# Intense 6.6 - DHX-Air - nur 50mm Hub?!



## snowmaniac (2. September 2008)

wenn ich bei meinem dhx-air die luft aus der hauptkammer komplett ablasse, (piggy bleibt auf 100psi)
und mich aufs bike setze, wird der o-ring (indikator) genau 50mm auf die kolbenstange geschoben.
das entspricht dann einem federweg von ca. 155mm. 
(indikator noch 7mm vor ende kolbenstange!)
soweit ich das bisher rausfinden konnte, sollte hier original ein modell mit 57mm hub verbaut sein,
der indikator sollte also bis ans ende der kolbenstange geschoben werden, 
was dann einem federweg von ca. 170mm entspricht.
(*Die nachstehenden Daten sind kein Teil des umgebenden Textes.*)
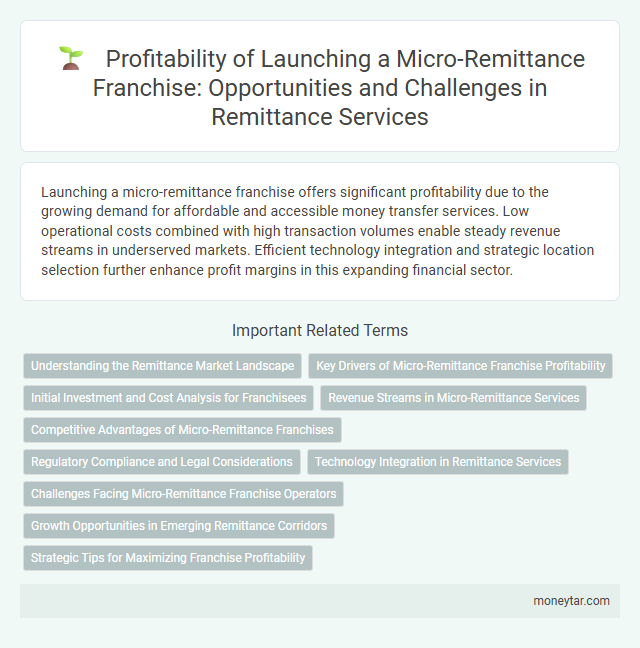 Profitability of Launching a Micro-Remittance Franchise: Opportunities and Challenges in Remittance Services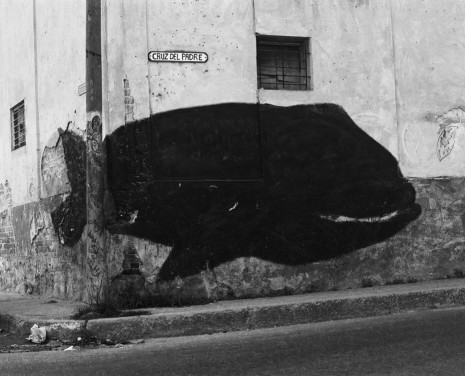Carlos Garaicoa, From the series Bestiary (Whale), 2017 , Galleria Continua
kann man anhand der daempfer-seriennummer (falls es sowas gibt) feststellen welchen hub dieser "originale" dhx-air hat?
hab das radl (neu) im fruehjahr von privat gekauft - mit garantie schauts also eher schlecht aus.
hab den dhx noch nicht zerlegt, werd im winter mal ein komplettes service machen.
vielleicht find ich da noch was. (dhx-air is ja angeblich vollkommen selber servicierbar)

allgemeines setup beim fahren:
Fahrergewicht: 80kg komplett, also keine probleme mit Durchschlag,
Druck knapp 15 bar Haupt / 100psi Piggy / 1Ring progression am Piggy gegen durchschlag.
propedal ganz auf.
performance vom hinterbau allgemein ist sehr gut.

waere dankbar fuer jeden guten tip von der 6.6 community.


----------



## dubbel (2. September 2008)

ist da innen kein elastomer als durchschlagsschutz?


----------



## MTB-News.de




----------



## walo (2. September 2008)

zum setup findest du hier > http://www.mtb-news.de/forum/showthread.php?t=300866 infos.
grüsse


----------



## snowmaniac (3. September 2008)

@dubbel: elastomer muesste ziemlich hart sein, wenn ich testweise mit zu wenig druck fahre um das bike bewusst durchzuschlagen, komm ich auch nicht ueber die 50mm.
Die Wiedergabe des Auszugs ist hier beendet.